Ainda mais dura com o Presidente foi Heloísa Apolónia, do PEV: “Felizmente, Cavaco Silva está de saída.” A deputada lamentou que “esta decisão não tenha sido tomada mais cedo” e acusou o PR de ter demonstrado uma clara “dificuldade “ em “deixar de amparar a sua força política de eleição”.

CAVACO ENGOLIU UM SAPO Catarina Martins, do BE, preferiu destacar que a indigitação de António Costa abre “um novo ciclo” para dar melhores condições de vida aos portugueses. Mas nas redes sociais os bloquistas não pouparam o PR. “Cavaco perdeu. A democracia venceu Cavaco. Derrotado, Cavaco engoliu um grande sapo. Faço votos para que o futuro lhe cause muita azia, na companhia dos amigalhaços do PSD e CDS”, escreveu João Semedo, ex-coordenador do BE. 

A candidata presidencial que corre com o apoio dos bloquistas, Marisa Matias, registou que “foram precisos 50 dias para que o Presidente da República tivesse decidido respeitar a vontade expressa pelos cidadãos e cidadãs portugueses no passado dia 4 de Outubro. Fez o que tinha de ser feito e o que já devia ter feito há muito tempo”. 

Com a crise política a dominar a agenda, os candidatos presidenciais vão comentando os novos acontecimentos. Sampaio da Nóvoa colocou-se, mais uma vez, do lado da solução apresentada por António Costa e mostrou-se convicto de que há “todas as condições para ter um bom governo, um bom programa e um bom Orçamento”.

Maria de Belém também já tinha acusado Cavaco de estar “a adiar o inadiável” e ontem, em comunicado, disse esperar que os instrumentos que são necessários, “como o Orçamento do Estado, sejam aprovados para que o país possa entrar, com a celeridade possível, no caminho do progresso”.

O EX-ALUNO DE MARCELO Marcelo Rebelo de Sousa foi mais contido e limitou-se a desejar as “maiores felicidades” a António Costa, lembrando que o primeiro-ministro indigitado foi seu “antigo aluno” na Faculdade de Direito de Lisboa. “É bom que corra bem este governo, para que corra bem a Portugal.” 

Henrique Neto foi o único candidato a colocar em causa a decisão do Presidente.
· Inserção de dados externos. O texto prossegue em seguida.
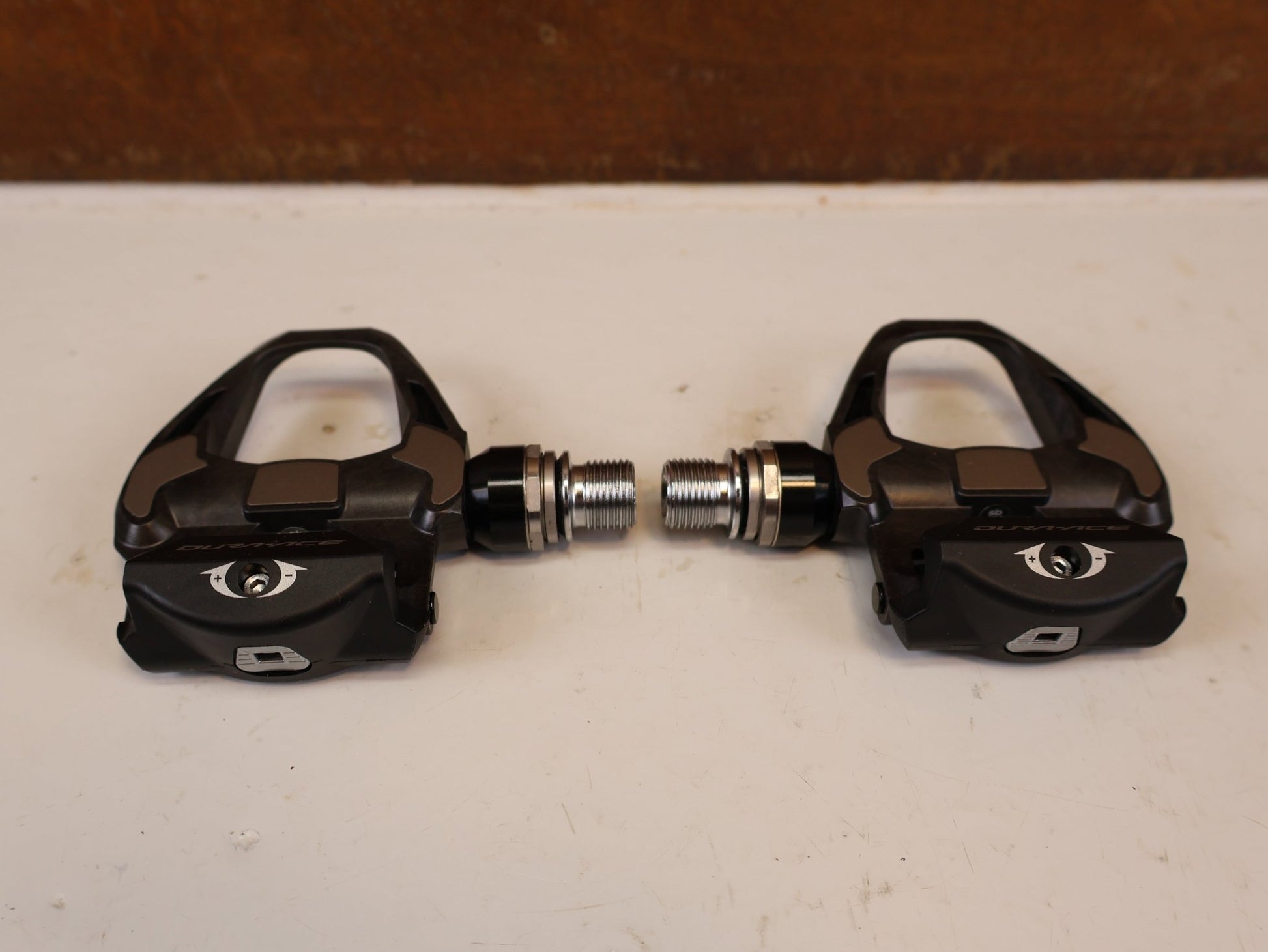 Pedale von Shimano, SHIMANO DURA ACE PD R9100 CARBON SPD SL PEDALE RENNRAD vor USEDBIKES-OB.DE Hintergrund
O militante socialista gostaria que Cavaco tivesse “esgotado todas as hipóteses de haver um acordo que desse garantias de continuidade”. Com esta decisão, Neto acredita que “os problemas vão sobrar para o próximo Presidente da República” e assegura que, se não tiver “garantias claras” de que há condições para que este governo cumpra os quatro anos da legislatura, devolverá “a decisão sobre o imbróglio criado ao povo soberano, em novas eleições”.